By December ‘21, Catalog Engineering had evolved into a small (yet mighty) squad of four full-time engineers: Hvdson, Ryan, Brett, and myself. To ensure we had the time and space to mature into an autonomous, healthy unit, a few immediate things were done:

  • All short-term contractual engineering projects were ended.
  • Our DevOps process matured from one that bottlenecked getting code into production for days to one that enabled shipping on a multi-times-per-day basis. (We fixed shipping.)
  • We took a hard pause on technical recruiting & hiring. This focused bandwidth internally on ensuring the existing team was being set up for success.

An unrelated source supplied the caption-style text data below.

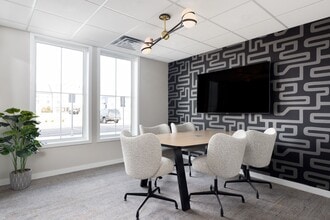 Interior Photo - Current 33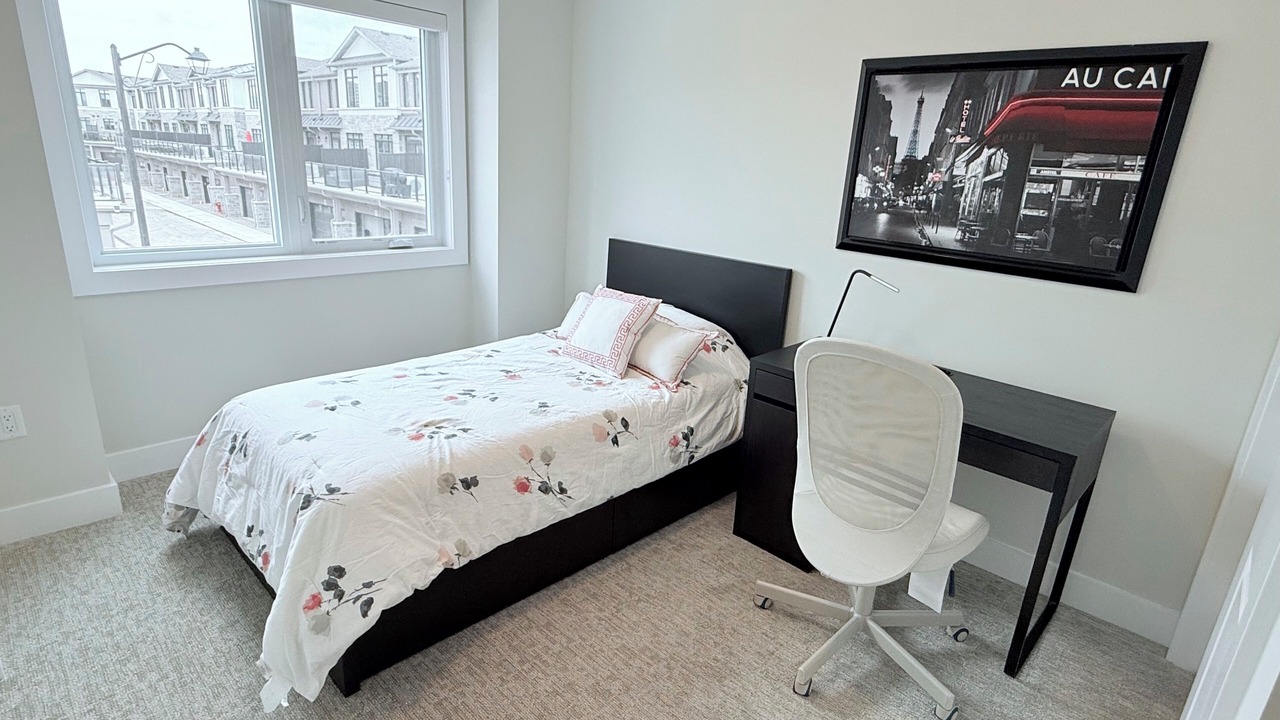 Photo of Bedroom in West Oak Trails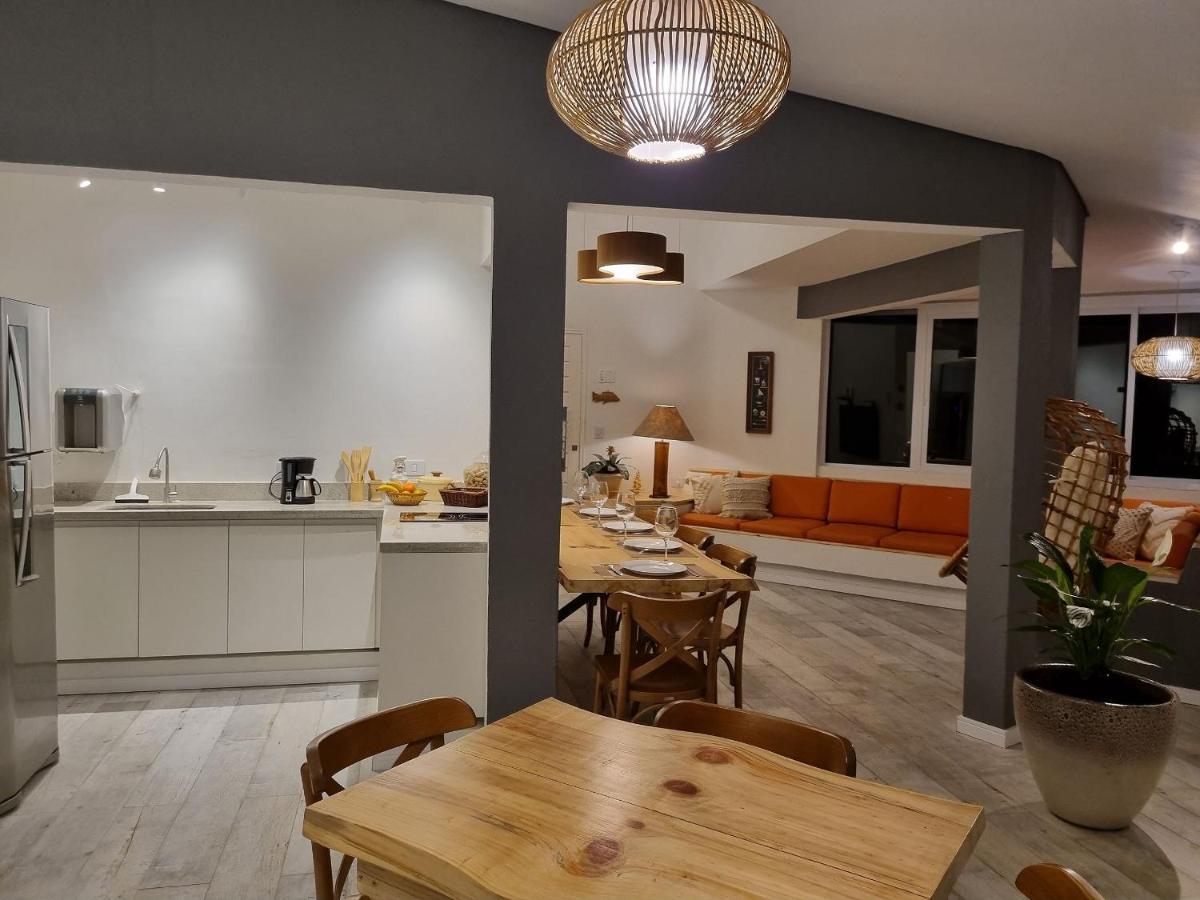Casas Com Jacuzzi E Churrasqueira A 500 Metros Da Praia Do Pereque Na イリャベラ エクステリア 写真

Once we took care of this basic organizational housekeeping, it was time to narrow our focus on fine-tuning our product development process. The MVP was built by a co-founding trio in an innovative burst of rapid-fire development. It’s hard to emphasize how important this zero-to-one moment was. While this shoot-from-the-hip style of development worked to get this project off the ground, I was nervous about this propagating as the de facto engineering culture; we had zero test coverage and lots of hard-to-follow dependency chains, which I thought had to be proactively tackled to prevent product reliability and maintenance nightmares down the line.

The team debated quite a few different product development styles; we experimented with and quickly abandoned a “traditional” scrum two-week sprint process, which seemed far too heavy and meeting-oriented for our needs. We got close to fully committing to what I called the “Seibel process” which seemed like scrum without the meetings but abandoned that as well after recognizing that it didn’t seem best suited to orchestrate larger, more bold product visions we had in mind. We ultimately aligned on running a trial cycle modeled closely after the one outlined in Basecamp’s Shape Up.

  • We held a single Product<>Engineering meeting at the beginning of the cycle to align on the project’s goals and requirements.
  • Project lanes were established with clear owners.
  • The team set and committed to a deadline.
  • Engineers were left to self-organize and autonomously work towards the project goals.

And then we did it.

To everyone’s credit, we launched on time. This excites me for several reasons:

  • We’ve established precedent for setting internal deadlines and taking them seriously with a newly-formed team.
  • We’ve made tangible progress in establishing an engineering culture that prioritizes each person’s time and trusts individuals as autonomous parts of a larger collective.
  • We have evolved from an “outsource” to an “insource” orientation. We build & own our shit. We don’t contract out one-off tasks. Humans at Catalog are the experts on Catalog, through and through. This is an immensely important point.

I’m incredibly proud of this whole team and what we’re doing. There’s so much more to build, and I’m excited to watch Catalog grow into the best place for music lovers to work in web3.